# Seiko Mid-Size Diver



## chris_s (Sep 13, 2009)

Looking for a Seiko mid-size diver.

Cuurent models seem to include SKX013, SKX023, SKX031 and SKXA51

Being new to all this, can anybody shed any light on their relative differences / merits. Also, an explanation of Seiko numbering would be useful too. Any other models / makes of similar size would also be of interest.

Thanks

Chris


----------



## bry1975 (Feb 6, 2004)

Have you not looked at the Seiko SKX007k2?



chris_s said:


> Looking for a Seiko mid-size diver.
> 
> Cuurent models seem to include SKX013, SKX023, SKX031 and SKXA51
> 
> ...


----------



## mrteatime (Oct 25, 2006)

the only difference is a different hand set or dial combi.....or the writing may be different on the dial.....

i'd check the bay out for a smaller or 'mid size' seiko....there is much cheapness to be had on these watches chris....also, think vintage seiko to.....some great bargains out there


----------



## minkle (Mar 17, 2008)

4205









I didnt realise they were still making mid size divers either..interesting..


----------



## Thian (Nov 23, 2008)

Citizen NY2300 diver midsize is a great alternative and still current model. I have a vintage Orient midsize diver auto from 1995ish too but rare to find. The 4205s are a very long standing model and still can be found. I have 2 versions of it, the smaller one like the 2205 and the midsized version.


----------



## chris_s (Sep 13, 2009)

Thanks for all your input. Had a look at the two (current) recommendations - SKX007 ans NY2300. Both these are a little bigger than the other Seikos 42mm and 41mm respectively, as opposed to 38mm.

Quite happy to look at older watches, but need to temper this with the fact that I do need to buy something soon as my previous watch is dead, and the standby is just a cheap one which won't last too long - too used to leaving a watch on all day, including swimming, sailing, sorting the pond out, or even just having a shower.

Looks like it will be a mid-size seiko, unless there's any sales coming up in the near future


----------



## meganekun (Jun 12, 2009)

Thian said:


> Citizen NY2300 diver midsize is a great alternative and still current model. I have a vintage Orient midsize diver auto from 1995ish too but rare to find. The 4205s are a very long standing model and still can be found. I have 2 versions of it, the smaller one like the 2205 and the midsized version.
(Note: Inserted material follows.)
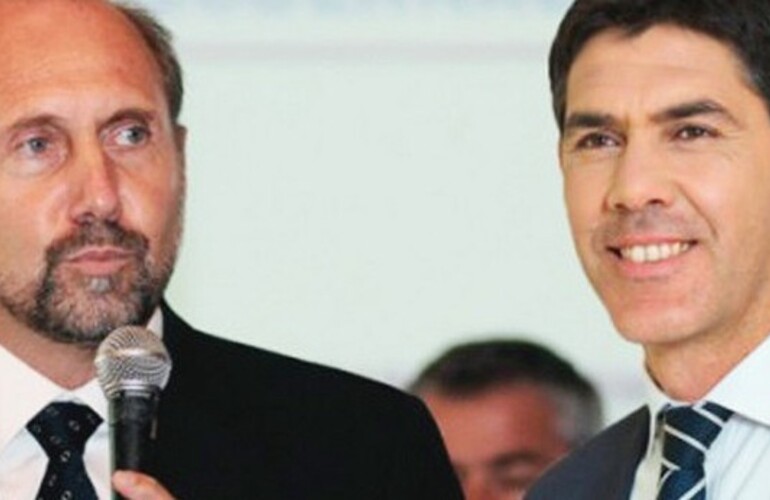 Imagen de Sobre la hora, el peronismo sell&oacute; la unidad con Perotti-Ramos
I will also recommend the Citizen Diver NY2300-09EB. Mid-size range, simple and good looking. :yes:


----------



## chris_s (Sep 13, 2009)

The other things I'd li


----------



## chris_s (Sep 13, 2009)

Sorry, not sure what happened there....

The other thing I'd like to find out more about is the Seiko numbering convention.

What does SKX013K2 (for example) mean, and how do you interpret the various letters and numbers.

I'm guessing that the SK stands for Seiko, bit after that I'm lost - though reading other posts I think the final K stands for Korea as opposed to J for Japan

Any help most welcome


----------



## Angelis (Aug 25, 2008)

chris_s said:


> Sorry, not sure what happened there....
> 
> The other thing I'd like to find out more about is the Seiko numbering convention.
> 
> ...


For example:

SKXA47K1 means this:

S (K)= export, not Korea. No movements are made there. J indicates Japan sales only.

K1 = signifies a bracelet, K2 ofteten times = a rubber strap.

Angelis


----------